However, reliance on spot instances can introduce risks, especially in volatile markets where availability may suddenly change. Implementing fallback strategies and understanding cloud provider pricing models is essential.
Tutorial: Creating a Kubernetes Cluster and Installing Karpenter
Here’s an overview of how to get started with Karpenter. Code and instructions are adapted from the Karpenter documentation.
Install the Necessary Utilities
Utilities that need to be installed include the AWS CLI, kubectl, eksctl (v0.180.0 or later), and Helm:
- Install the AWS CLI:
curl "https://awscli.amazonaws.com/AWSCLIV2.pkg" -o "AWSCLIV2.pkg"

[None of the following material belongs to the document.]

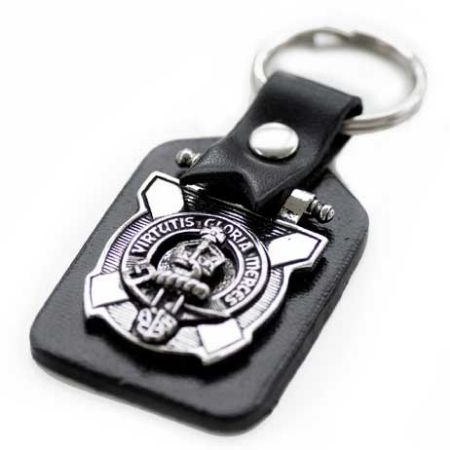 Picture for category Clan Crest Key Rings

sudo installer -pkg AWSCLIV2.pkg -target /
- Install
kubectl
:
curl -LO "https://storage.googleapis.com/kubernetes-release/release/$(curl -s https://storage.googleapis.com/kubernetes-release/release/stable.txt)/bin/linux/amd64/kubectl"
chmod +x ./kubectl
sudo mv ./kubectl /usr/local/bin/kubectl
- Install eksctl:
curl --silent --location "https://github.com/weaveworks/eksctl/releases/download/latest_release/eksctl_$(uname -s)_amd64.tar.gz" | tar xz -C /tmp
sudo mv /tmp/eksctl /usr/local/bin
- Install Helm:
curl https://raw.githubusercontent.com/helm/helm/main/scripts/get-helm-3 | bash
- Configure the AWS CLI with a user that has sufficient privileges to create an EKS cluster. Verify that the CLI can authenticate properly by running:
aws sts get-caller-identity
Set Environment Variables
After installing the tools, proceed with these steps:
- Set the Karpenter and Kubernetes versions:
export KARPENTER_NAMESPACE="kube-system"
export KARPENTER_VERSION="0.37.0"
export K8S_VERSION="1.30"
- Set the relevant environment variables:
export AWS_PARTITION="aws"
export MY_CLUSTER="${USER}-karpenter-demo"
export AWS_DEFAULT_REGION="us-west-2"
export MY_AWS_ACCOUNT="$(aws sts get-caller-identity --query Account --output text)"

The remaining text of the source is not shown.